When carrying out deletion action, if need to operate comprising plural leaf information set, first by its deciphering and be merged into a leaf information set.On single leaf information set, revise the forerunner's of deletion leaf relative position, and delete the positional information that needs deletion, then the leaf information set after deleting is carried out to length equalization processing, encrypt and deposit.
Retouching operation: the mode with text suppression and interpolation realizes, can regard the composition operation of deleting and increasing as.
Renewal process is as shown in algorithm 2.
Algorithm 2: upgrading granularity under ciphertext state is the indexes dynamic update algorithm of document local level
Input: document change part
Output: index file after changing
Leaf information set to each participle in index is decrypted;
Contextual location information document change part in old document is saved in interim state table;
If (increase) creates leaf information to change part with relative position and is incorporated in former index again;
else
If (deletion) directly deletes change part in former index;
Else directly revises change part in former index;
Leaf information set to each participle in index is encrypted;
Algorithm finishes.
6, searching ciphertext module 600
Searching ciphertext module 600 is that the information retrieval function of appropriate level is provided for the validated user of system, comprises retrieve statement commit unit 610 and retrieval server 620.Retrieval server 620, for expansion ciphertext minute word set is distributed to each index server with broadcast mode, receives and processes the result that each index server returns, and then the unordered document code collection obtaining is sent to result for retrieval processing module 700.

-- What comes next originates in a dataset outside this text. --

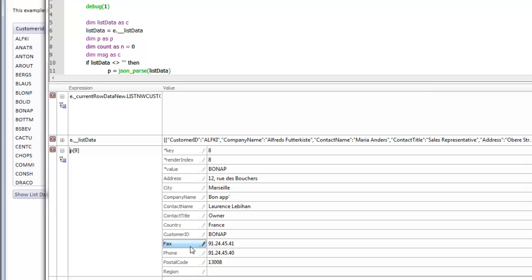In this video, we've shown how an Ajax callback can send back to the server not just the current value of each variable on the UX component, but also all the data from the list control, so that your XBasic code on the server can process everything that has been added into the list control. Thanks very much for watching.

Searching ciphertext process as shown in Figure 6.In retrieving, validated user input term/string, and submit to word-dividing mode 200 by retrieve statement commit unit 610, the 230 pairs of term/strings in participle unit 210 in word-dividing mode 200 and query expansion unit carry out participle and the expansion minute word set that is expanded, 320 pairs of expansion minute word sets of participle ciphering unit in encrypting module 300 are encrypted and obtain ciphertext participle again, ciphertext participle is distributed to each index server in distributed cryptograph index management module 520 by retrieval server 620 with broadcast mode, by each index server, retrieved, finally by retrieval server 620, collect the document code collection that each index server returns, duplicate removal is also submitted to result for retrieval processing module 700.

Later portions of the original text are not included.